SUPPLIED DATA
>>>>>
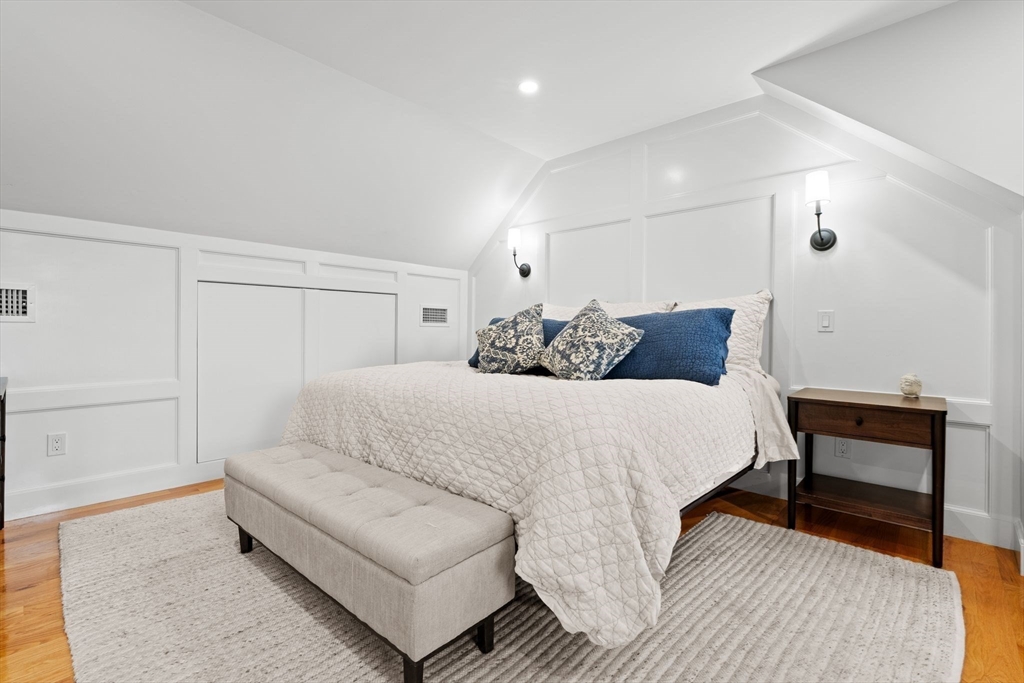 Arlington, Massachusetts 02474, United States, 3 Bedrooms Bedrooms, ,3 BathroomsBathrooms,Residential,Pending,140218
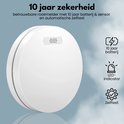 Witte rookmelder met 10 jaar batterij en sensor, LED-indicator en zelftestfunctie voor 10 jaar zekerheid.
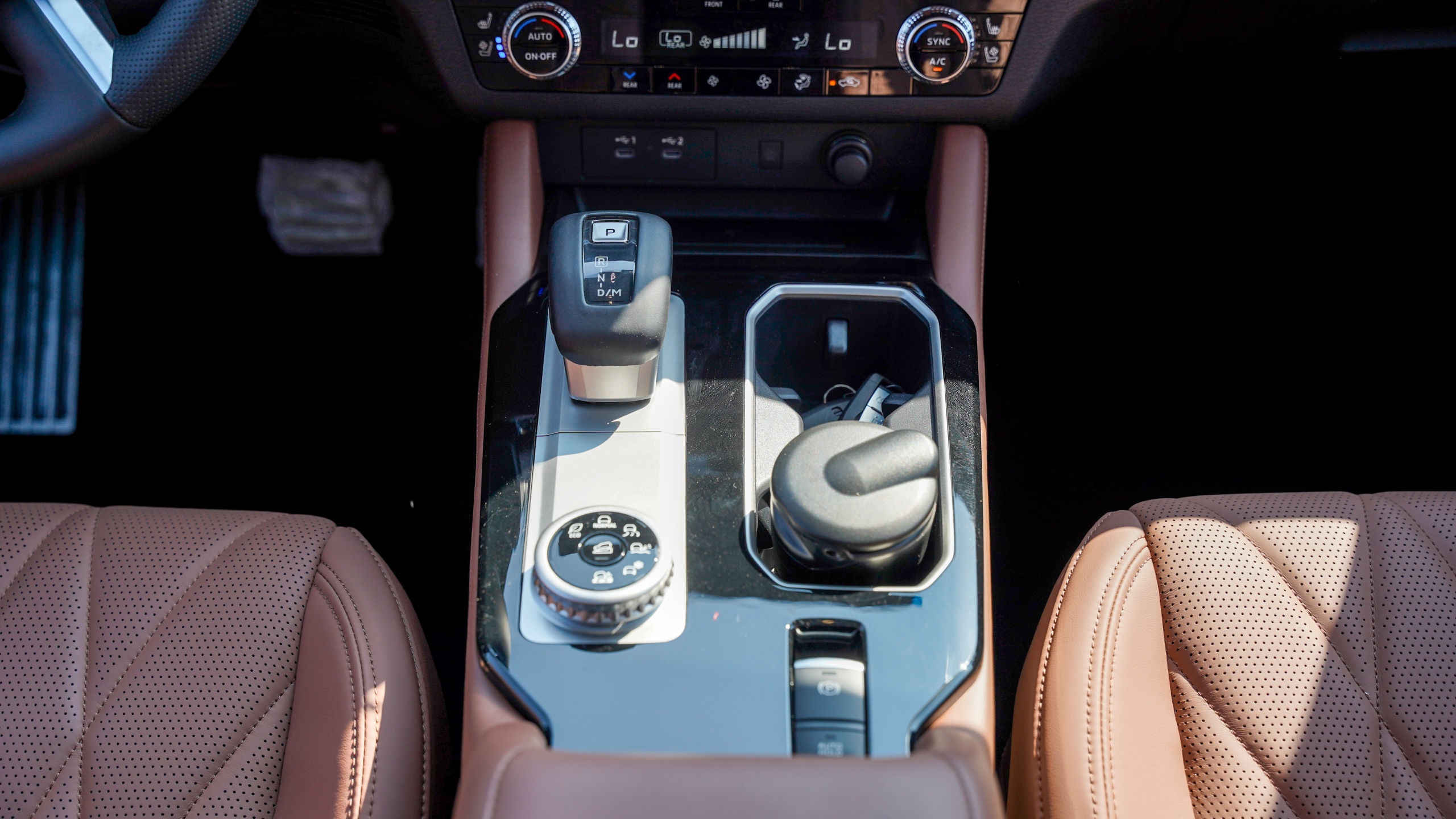 Mitsubishi Outlander High-Line (G09) Black – Brown 2026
<<<<<
ASSIGNED TASK
The listing above must be restated word for word. Its pictures are to be left out.

WRITTEN RESPONSE
 Arlington, Massachusetts 02474, United States, 3 Bedrooms Bedrooms, ,3 BathroomsBathrooms,Residential,Pending,140218
 Witte rookmelder met 10 jaar batterij en sensor, LED-indicator en zelftestfunctie voor 10 jaar zekerheid.
 Mitsubishi Outlander High-Line (G09) Black – Brown 2026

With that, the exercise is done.